Bacalao rebozado or battered cod is one of the most typical tapas from Madrid although it is also common in some areas of Andalusia. Chunks of cod are battered and fried and sometimes served accompanied by roasted red pepper or piquillo pepper. In this fashion the cod fritters are called soldaditos de Pavía.
The name of such peculiar tapa apparently arises from the color similarity to the red-yellow uniform of the Spanish Hussars, soldaditos meaning little soldiers. This tapa is said to originate in a well-known centenary tavern, at no. 12 Tetuán Street in Madrid, Casa Labra. Cod in all manners is their specialty, in croquettes or battered, as in today’s recipe.
In Spain several different types of cod can be found in the market and used for making battered cod:
Salt-cured cod, a staple food in the past, is recommended as it gives the best texture and consistency to the final result. Besides being easier to preserve, the cured fish develops a deeper and more concentrated flavor that the fresh variety lacks.
In Spain salted cod can be found in a variety of cuts, like meat: suprêmes, fillets and shreds. We don’t expect to find this assortment everywhere in the world, but all the same, should you have the chance to chose among several types the ideal fish cut is suprême. Suprêmes are juicy pieces of fish meat usually without fishbones, which makes them more agreeable to eat.
Our recipe follows Casa Labra’s formula although maybe we’ll lack their special and personal touch…

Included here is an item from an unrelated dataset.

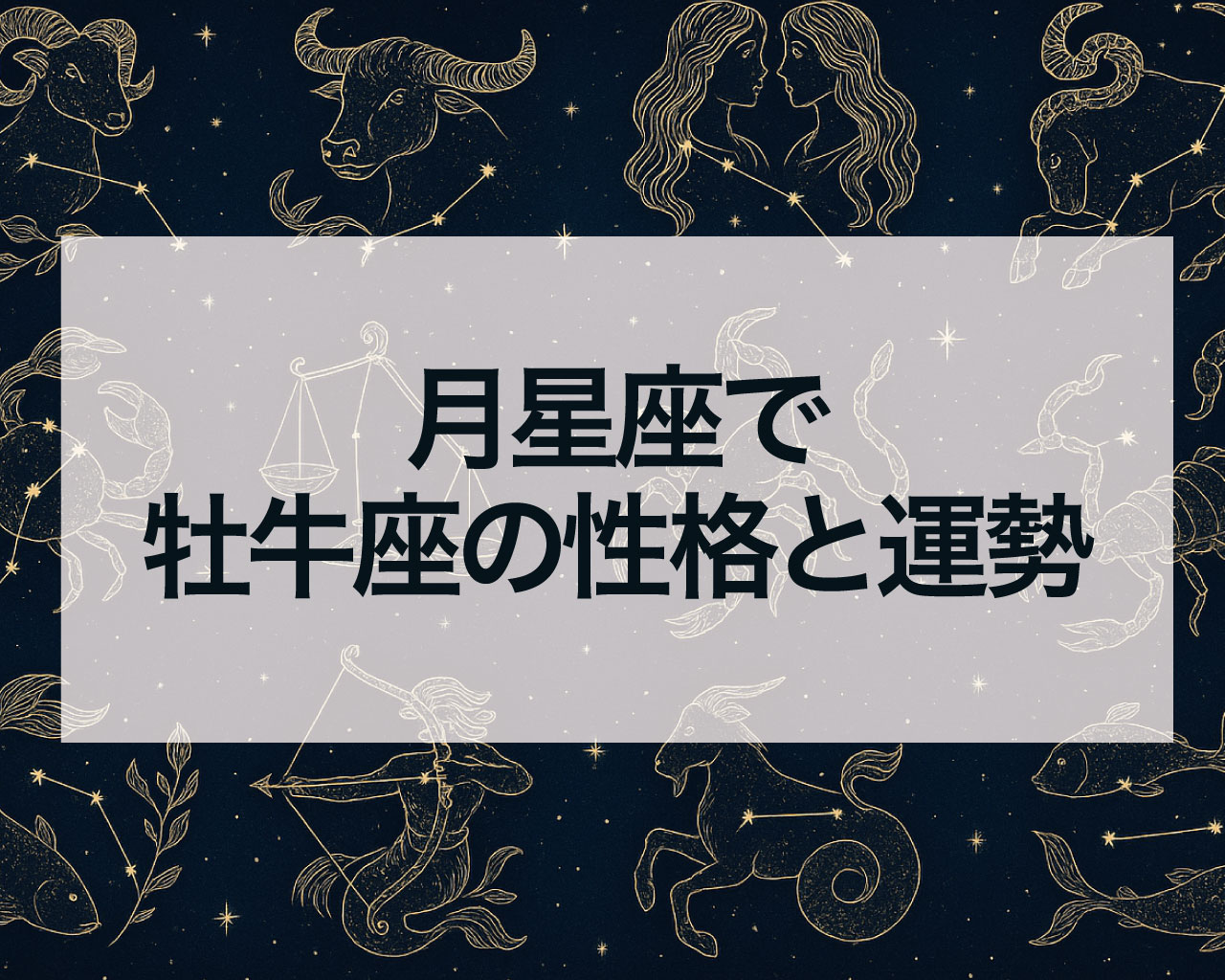 月星座で牡牛座の性格と運勢と恋愛・仕事・人間関係・金運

- 2,2 pounds (1 kg) desalted cod
- ½ pound (225 g) bread flour
- 0,6 pounds (275 g) milk
- 2 tsp baking powder
- 1½ tsp salt
- Plenty of good olive oil for deep-frying
- Wash the salted cod in plenty of cold water.

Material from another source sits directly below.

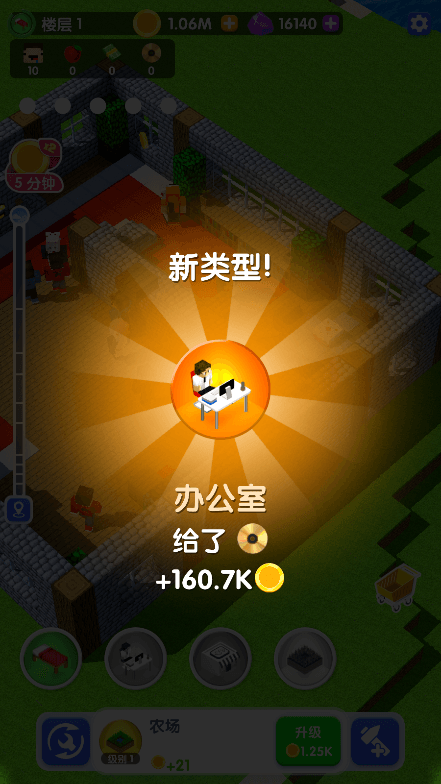 建造高塔3D汉化破解版免广告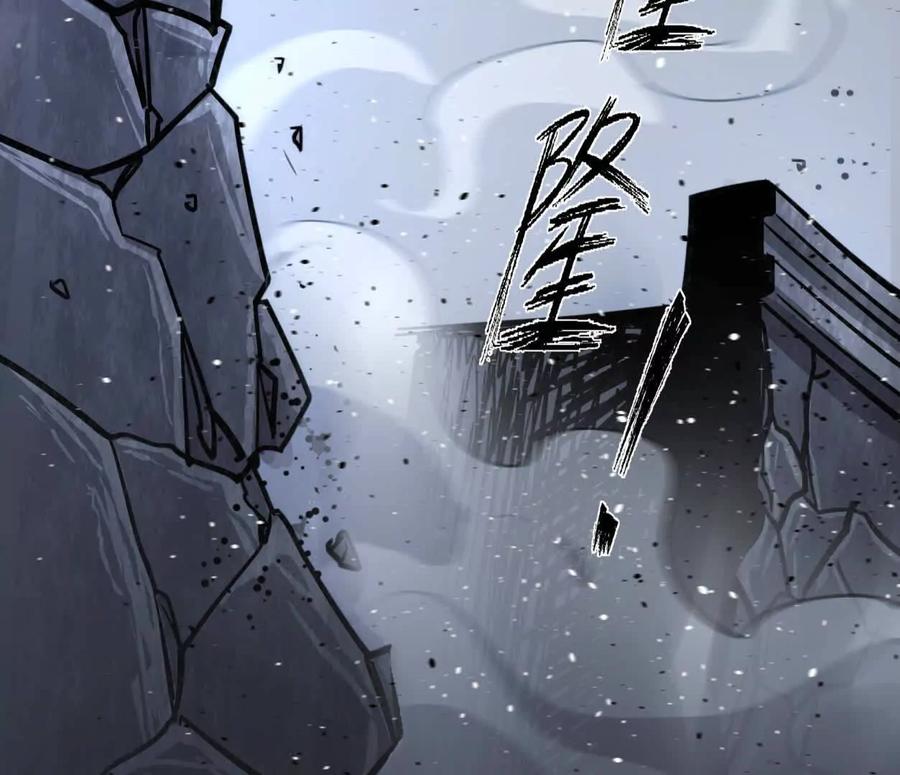 江思先生 145话 我们有救了 第126页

- Place the pieces in a container, preferably glass, and cover in very cold water.
- Place a lid on the container and place in refrigerator for 36-48 hours, depending on the size of the pieces.
- Once the cod is desalted, drain well the excess of water and prepare the batter.
- During the desalting, water needs to be renewed several times to help further reduce the salinity. Renew the water 4 times a day, in our case this means 8 water changes in 48 hours.
- In a medium bowl add the flour along with the salt and mix with a spatula.
- Pour the water and mix to get a homogeneous batter.
- Add the baking powder and stir again until fully integrated. Beat with a balloon whisk trying to whip air into the mixture.
- Cover with film and let the batter rest for 15 minutes.
- Pour the olive oil in a pan deep enough for frying, at least 2 inches deep of oil. Heat to medium with care not to overheat the oil, up to 170º-180ºC (338º- 356ºF). The olive oil must never give up smoke.
- Dip the cod first in the flour, removing excess, and then in the batter.
- Dip the battered cod in the hot oil and fry for 1½-2 minutes on each side. The batter coating will turn golden and crunchy.
- Remove the cod with a slotted spoon and place on a colander over a bowl to remove the excess olive oil.
- Repeat the process with the remaining pieces of cod.
- Serve the cod piping hot or warm.
Tips on bacalao rebozado or battered cod
- Very cold water must be used in desalting the cod, as it helps firming the fish pieces and prevents them from opening during desalting.
- During the desalting process the cod must always be kept in the refrigerator, except while renewing the water, otherwise it could ferment and spoil.
- Both plain flour/AP flour and strong flour/bread flour can be used to make the batter. Depending on which one we use, the fried batter will be crispier or softer; strong flour/bread flour makes for a crispier batter.
- Depending on the flour you use, the amount of milk to be added may vary. When using AP flour/plain flour less milk will be needed to reach the desired consistency than if using bread flour/strong flour. This is due to their different absorption capacity.
- Often plain beaten egg is used for basting the cod instead of the flour-milk batter; do as you please. Our recipe doesn’t use eggs though. According to Miguel Ángel Velasco, chef of Casa Juanico in Zaragoza, the use of the egg in the batter prevents the exit of the juices, which are cooked inside and tend to crystallize, as well as slightly masks the flavor of the fish.
- Both sunflower oil and mild olive oil can be used for deep-frying, so as not to impart too much flavor to the fritters.
- It is important that the oil temperature stays around 170º-180ºC (338º- 356ºF), not higher. Otherwise the batter layer will burn before the cod cooks through. On the other hand if the temperature is too low the cod will absorb a lot of oil and its texture will be different, not firm enough.
- The cooking time of the cod must not be exceeded; it should be around 3-4 minutes at the specified temperature for best results.
- Cod can be eaten both freshly made and cold, but always on the same day it was made.
This tasty tapa does not need much more accompaniment to be fully enjoyable. There is an order that was often heard in some bars though: —¡Unos bacalaítos y unas cañas!— Some battered cod and a glass of beer! So have a cold beer along this bacalao rebozado and… enjoy!